La première séquence de la vie de ce monastère se situe bien avant l’an mille, aux temps mérovingiens et carolingiens, et est illustrée par une série de diplômes recomposés au moment de la rédaction du cartulaire, et qui doivent être manipulés avec une prudence extrême. S’il est évident que les frères archivistes franciliens disposaient de sources très anciennes relatives à leur propriété berrichonne, délaissée au moment des dernières invasions, on peine à dresser une chronologie et une carte des possessions des anciens bénédictins dans ces confins du Berry, de la Marche et de l’Auvergne.
La deuxième époque, qui débute aux environs de 1060, est beaucoup mieux renseignée. Les moines parisiens profitent du dynamisme de la monarchie capétienne, et de la forte personnalité du roi Philippe Ier, qui ajoute le Berry à sa zone d’influence et, plus tard, au domaine royal. Leur retour dans leurs anciennes possessions s’accorde avec la volonté du souverain d’étendre son influence vers le Sud. Spirituellement, la féodalité locale est baignée par l’influence de la réforme grégorienne, et il n’est pas indifférent que le seigneur de Bourbon, très lié aux Clunisiens de Souvigny, appuie l’initiative de ses vassaux de la vallée du Cher de restituer à l’ Église des terres injustement détenues à la suite de la déliquescence du pouvoir carolingien.
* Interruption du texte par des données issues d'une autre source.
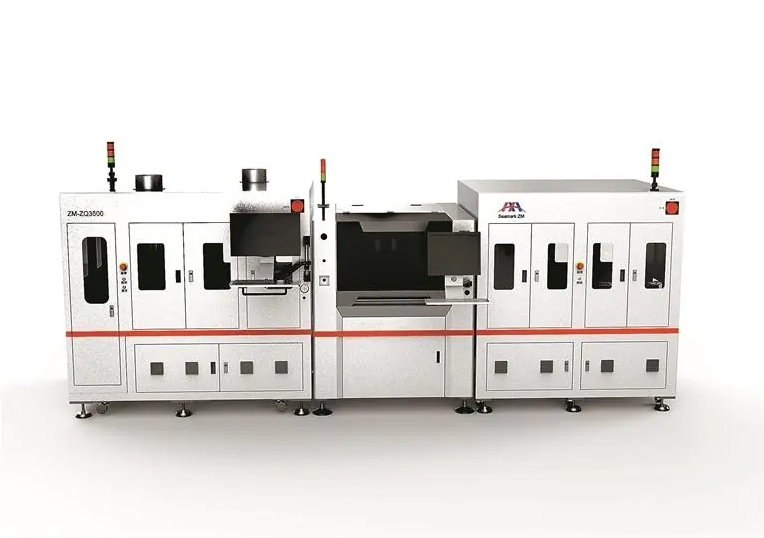 自動在線除錫植球設備 自動在線除錫植球設備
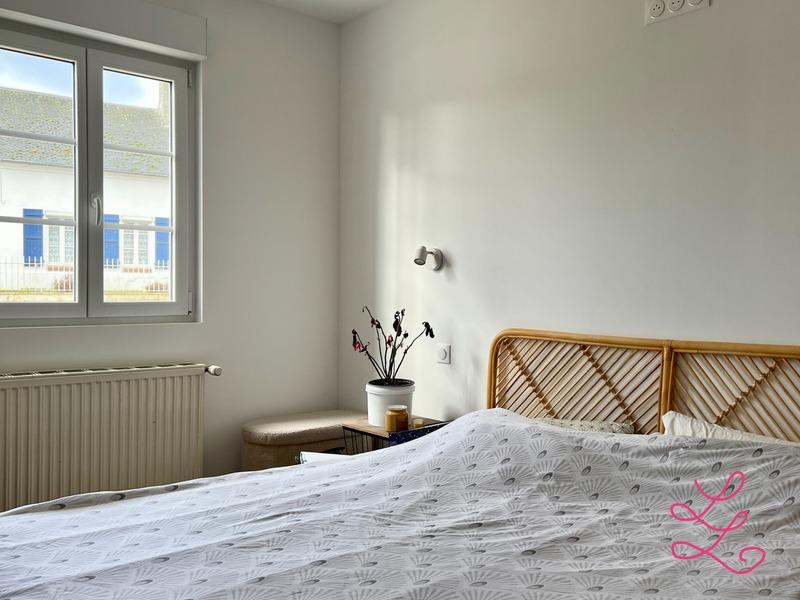 Maison - 122 m² - 5 pièces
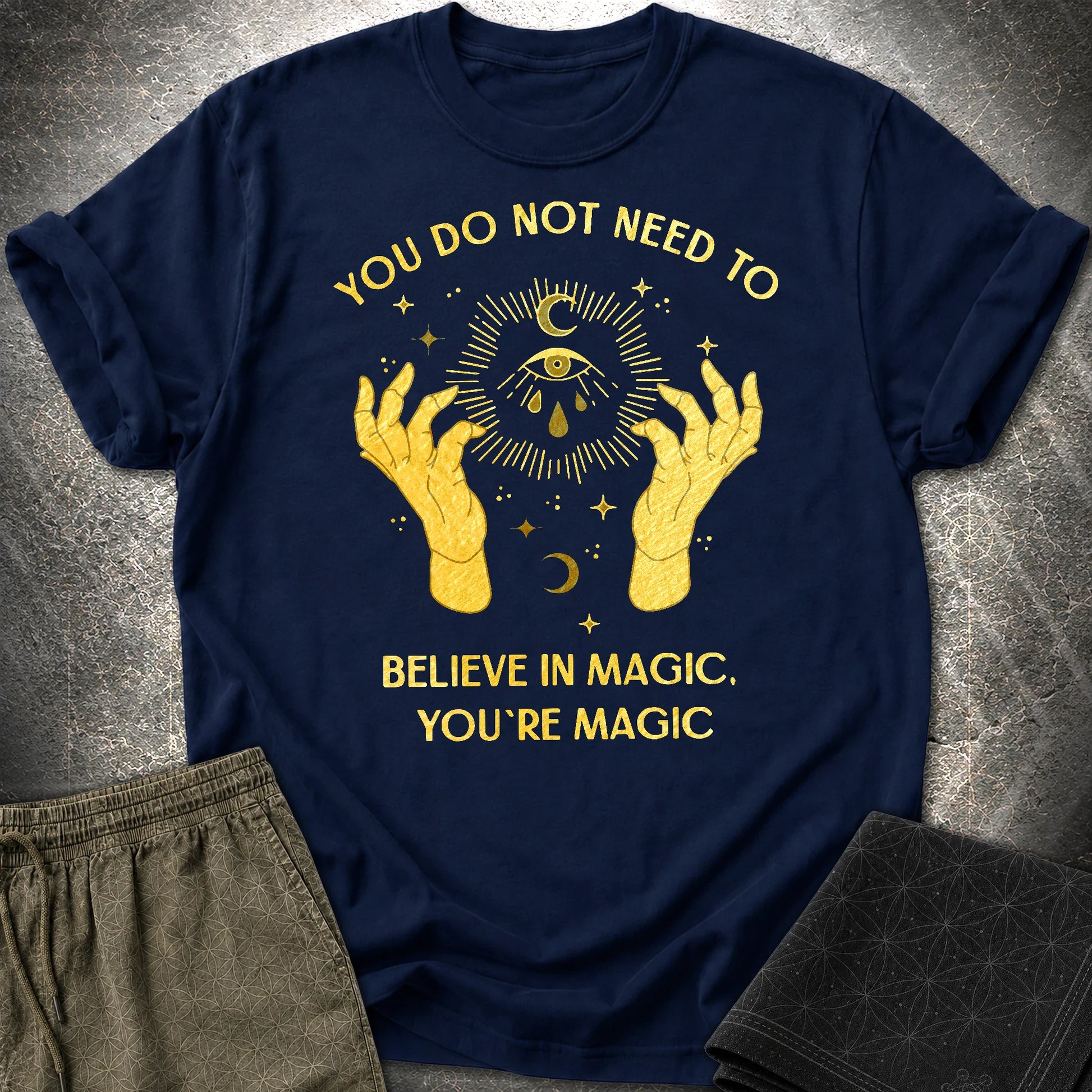 You're Magic T-Shirt - You're Magic T-Shirt - Navy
La première étape de cette restitution est peut-être initiée par un personnage qui passe presque complètement inaperçu jusqu’au jour où une bande de voleurs vient piller sa maison. C’est suite à sa plainte qu’on apprend que cet homme, nommé Garnier, possédait une maison à Aude, à une dizaine de kilomètres à l’est de La Chapelaude, dans un bourg situé le long de la route qui se dirigeait vers Paris. Garnier était-il sur place mandaté par son abbé pour évaluer la situation patrimoniale des anciennes propriétés franciliennes où avait-il un rôle plus spirituel, de prédication auprès des féodaux? On constate que la situation évolue en faveur de Saint-Denis-en-France, qui récupère ses possessions, bâtit un nouveau prieuré, voit les vocations qu’on suppose locales assurer le recrutement des nouveaux frères et reçoit de multiples dons de la part des chevaliers du secteur. L’excellent état de conservation de beaucoup d’actes recopiés dans le cartulaire permet d’avoir une lecture très fine du maillage politique local, du seigneur de Bourbon jusqu’aux plus petits féodaux en passant par le seigneur d’Huriel, à la fois vassal et associé de Bourbon dans le mouvement initial de restitution des terres du prieuré.
Si La Chapelaude fait figure d’exception dans le paysage monastique régional et qu’il est impossible de généraliser son modèle à la multitude des prieurés détenus par diverses abbayes dans le sud du diocèse de Bourges, son exemple peut nous aider à comprendre les influences spirituelles qui baignaient nos régions à l’époque romane.